One previous behavioral study demonstrated a reward-driven enhancement of recognition memory that emerged 24 hr after encoding pictures from the same semantic category (Patil, Murty, Dunsmoor, Phelps, & Davachi, 2017) that had not been directly paired with performance-dependent reward. Here, we report an opposite effect presumably because of the crucial difference in timing of reward association. In contrast to our design, the nonrewarded task, for which a memory enhancement was observed by Patil and colleagues, was administered before the reward association phase. The enhancement of recognition memory was thus a retroactive effect of reward that affected the consolidation process because of postencoding interactions between the reward and memory systems. Comparing the study by Patil et al. and ours emphasizes that timing of reward association may determine the direction of interaction between the ventral striatum, the VTA, and the hippocampus, and their consequences on delayed recall accuracy.

Reactivation of Reward Memory in a New Context Leads to Adjustment of Associated Reward Values

First, at encoding during the novel unrewarded picture–location association task, presentation of a previously HR-conditioned picture (now, in a different context that no longer predicts reward) resulted in decreased BOLD signal in the ventral striatum and the hippocampus (Figure 3). Human participants have been shown to rely on relative rather than absolute values, their choices and neural value representation reflecting contextual adaptation to previously learned values in the striatum (Klein et al., 2017) as well as in the SN/VTA (Hétu, Luo, D'Ardenne, Lohrenz, & Montague, 2017). Thus, the associated value signal in the striatum displays the characteristics of a relative value prediction error. We found a similar relative value prediction error-like signal in the ventral striatum. In our task, the consequence of such memory-related relative value coding may have contributed to poorer learning of novel picture–location association. Because the ventral striatum has been shown to reflect the current value of a stimulus (Levy & Glimcher, 2012; Jocham et al., 2011; Lim, O'Doherty, & Rangel, 2011), we may interpret this result as devaluation of the stimulus mediated by the ventral striatum and functional connectivity with the SN/VTA (Figure 7), suggesting the involvement of the mesocorticolimbic dopaminergic pathway (Hauser et al., 2009).

Downward Value Adjustment Spreads to Semantically Similar Stimuli

In the current experiment, we found that the ventral striatum and hippocampus signaled a negative reward prediction error signal for pictures from the entire semantic category (sea or savanna) that had been paired with a high level of reward (Figures 3 and 9).

Previous studies reported that the ventral striatum prediction error during reward learning incorporates information related not only to the predictive cue (the specific rewarded pictures in our case) but also to perceptually similar cues (encoded by the hippocampus), accounting for generalization of reward expectation (Aberg, Doell, & Schwartz, 2015; Gerraty, Davidow, Wimmer, Kahn, & Shohamy, 2014; Kahnt, Park, Burke, & Tobler, 2012). The degree of perceptual generalization at a transfer test depends on dopaminergic transmission and correlates with activation in the hippocampus (Kahnt & Tobler, 2016). Our results suggest that fMRI signal related to reward memory in the ventral striatum and the hippocampus areas could also represent a semantic (rather than purely perceptual) dimension of generalization, analogous to such a generalization previously reported in the fear learning domain (Dunsmoor, White, & LaBar, 2011). Moreover, these effects also influenced the connectivity between the SN/VTA and the ventral striatum (Figure 7), which could indicate a role of the dopaminergic circuit in value generalization (Bunzeck, Dayan, Dolan, & Duzel, 2010).

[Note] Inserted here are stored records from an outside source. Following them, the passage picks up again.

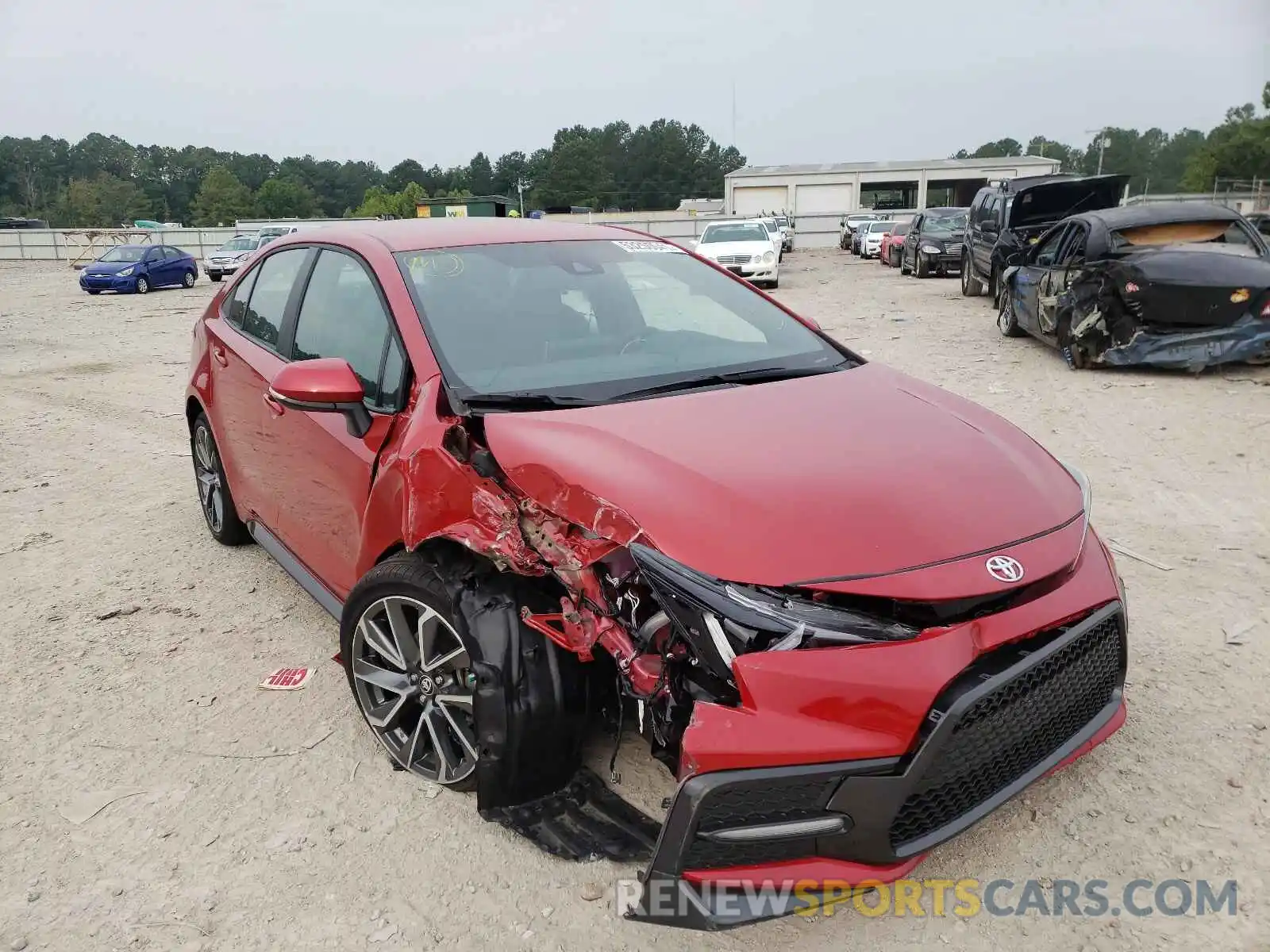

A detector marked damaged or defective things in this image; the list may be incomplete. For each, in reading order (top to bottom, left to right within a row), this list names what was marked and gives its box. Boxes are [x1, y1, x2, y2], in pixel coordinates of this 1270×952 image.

wrecked black car [959, 173, 1124, 301]
damaged mercedes [997, 202, 1264, 370]
wrecked black car [997, 202, 1270, 370]
crumpled hood [483, 363, 1080, 587]
damaged mercedes [183, 217, 1124, 927]
broken headlight [629, 543, 921, 685] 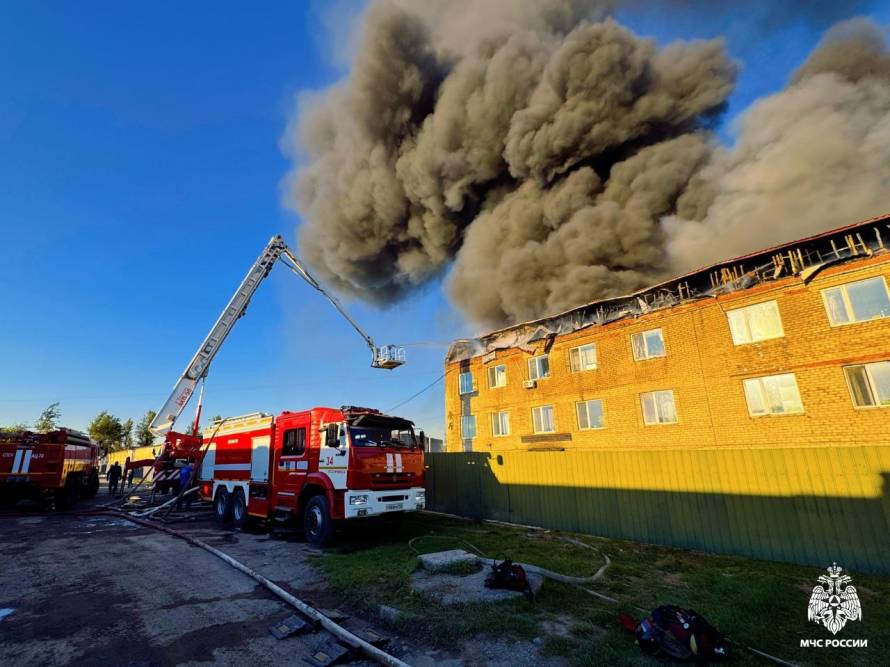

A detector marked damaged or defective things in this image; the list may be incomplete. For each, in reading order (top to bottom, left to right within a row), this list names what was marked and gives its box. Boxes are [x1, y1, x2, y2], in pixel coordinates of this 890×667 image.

damaged window [820, 276, 888, 326]
damaged window [568, 344, 596, 370]
damaged window [628, 328, 664, 360]
damaged window [724, 302, 780, 348]
damaged window [532, 404, 552, 436]
damaged window [640, 388, 672, 426]
damaged window [740, 374, 800, 414]
damaged window [844, 366, 884, 408] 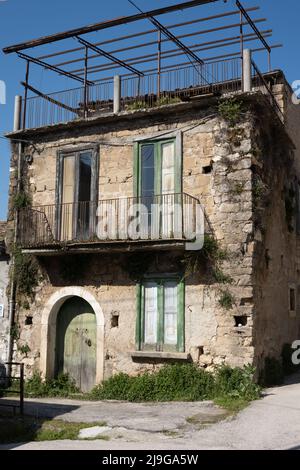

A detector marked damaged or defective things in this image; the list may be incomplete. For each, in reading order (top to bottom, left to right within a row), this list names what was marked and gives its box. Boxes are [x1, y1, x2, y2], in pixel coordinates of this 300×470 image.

rusty metal bar [2, 0, 220, 54]
rusty metal bar [35, 6, 260, 62] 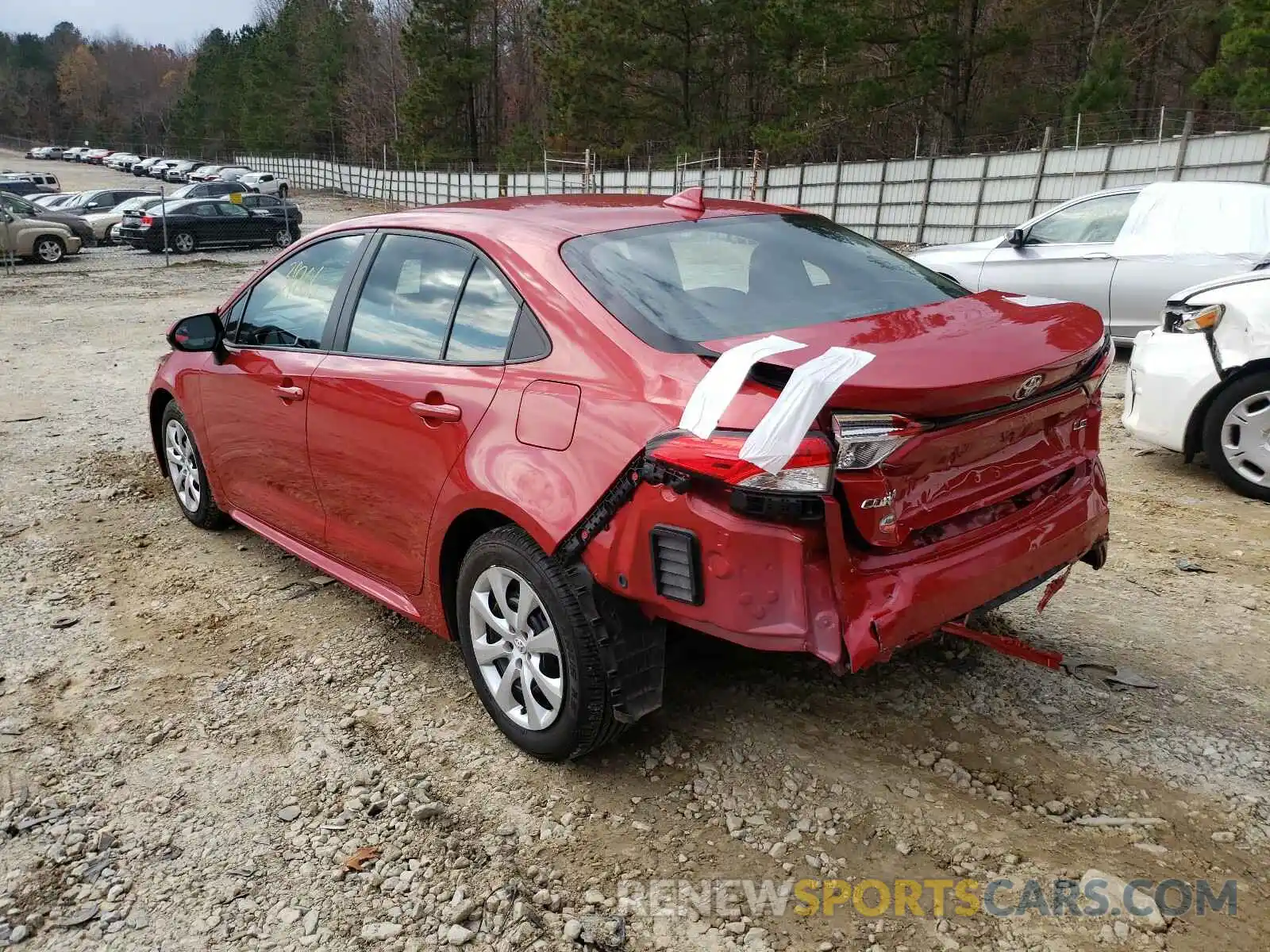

Downward Value Adjustment May Impede Subsequent Associative Memory Formation

At odds with the literature showing a positive modulation of memory by reward, we found that learning of new associations with previously highly rewarded material did not lead to better but, if anything, rather worse memory and that the interaction between the hippocampus and the ventral striatum appeared to mediate this effect.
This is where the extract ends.